*WHAT TO WORK ON:* Reproduce, exactly and only, the lines of the data that follows from the one containing "Importants Secrets Pour" down to the one containing "Maryland Compendium of", without pictures.

*SUPPLIED DATA:*

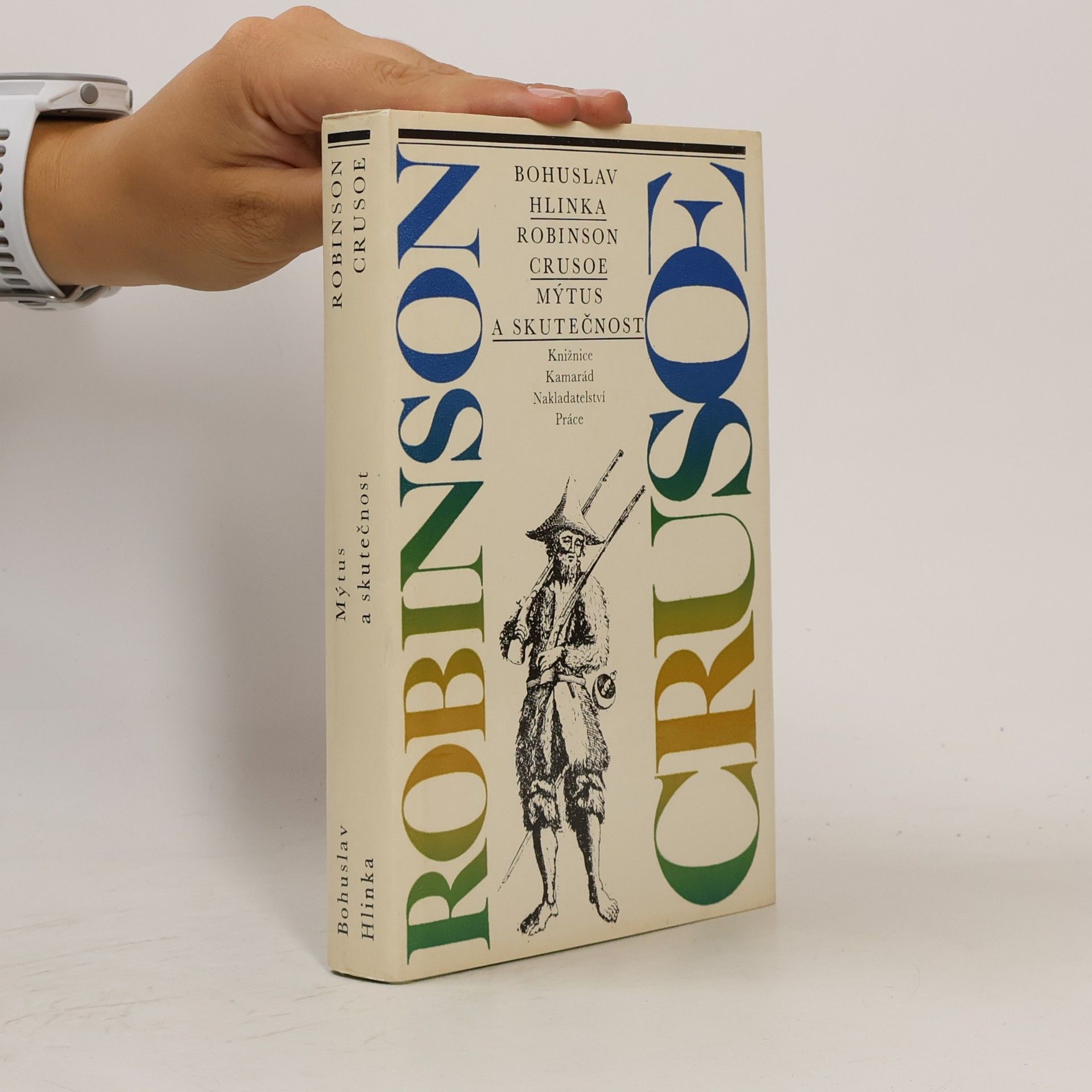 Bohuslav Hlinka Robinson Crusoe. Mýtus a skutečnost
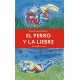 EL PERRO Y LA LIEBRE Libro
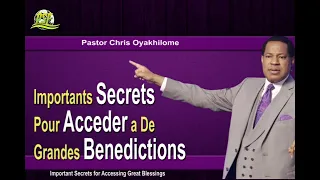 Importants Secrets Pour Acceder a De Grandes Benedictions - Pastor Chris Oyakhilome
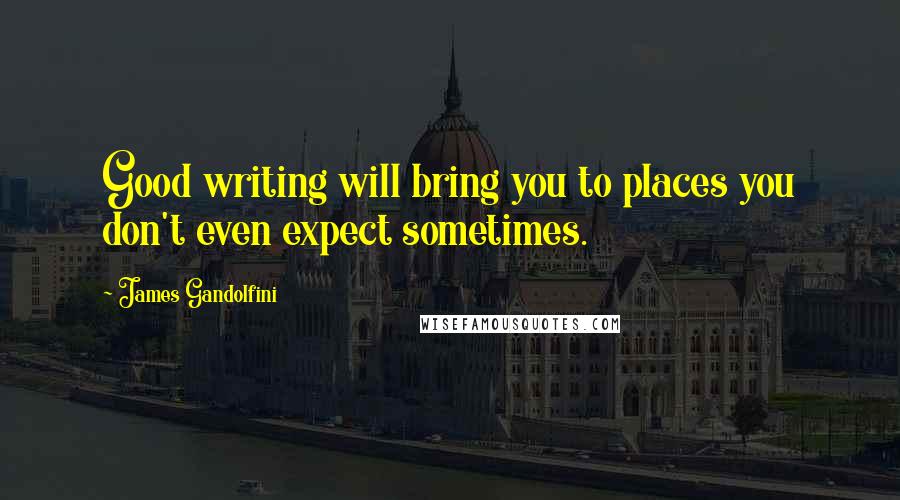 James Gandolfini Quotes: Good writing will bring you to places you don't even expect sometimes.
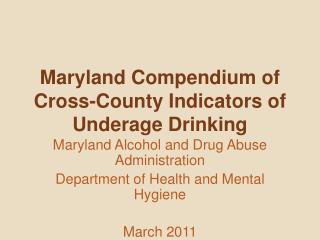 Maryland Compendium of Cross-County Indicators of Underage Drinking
==
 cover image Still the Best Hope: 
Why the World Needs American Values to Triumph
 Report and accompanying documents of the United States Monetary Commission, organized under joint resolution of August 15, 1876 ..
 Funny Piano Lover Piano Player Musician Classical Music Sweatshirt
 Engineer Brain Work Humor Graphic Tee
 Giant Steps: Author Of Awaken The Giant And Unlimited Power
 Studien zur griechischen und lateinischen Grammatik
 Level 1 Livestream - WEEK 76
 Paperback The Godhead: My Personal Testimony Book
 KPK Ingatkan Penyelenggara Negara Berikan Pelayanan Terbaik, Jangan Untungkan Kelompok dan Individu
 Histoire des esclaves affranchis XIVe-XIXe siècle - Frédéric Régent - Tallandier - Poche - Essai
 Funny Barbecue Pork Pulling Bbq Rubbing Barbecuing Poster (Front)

*EXPECTED ANSWER:*
 Importants Secrets Pour Acceder a De Grandes Benedictions - Pastor Chris Oyakhilome
 James Gandolfini Quotes: Good writing will bring you to places you don't even expect sometimes.
 Maryland Compendium of Cross-County Indicators of Underage Drinking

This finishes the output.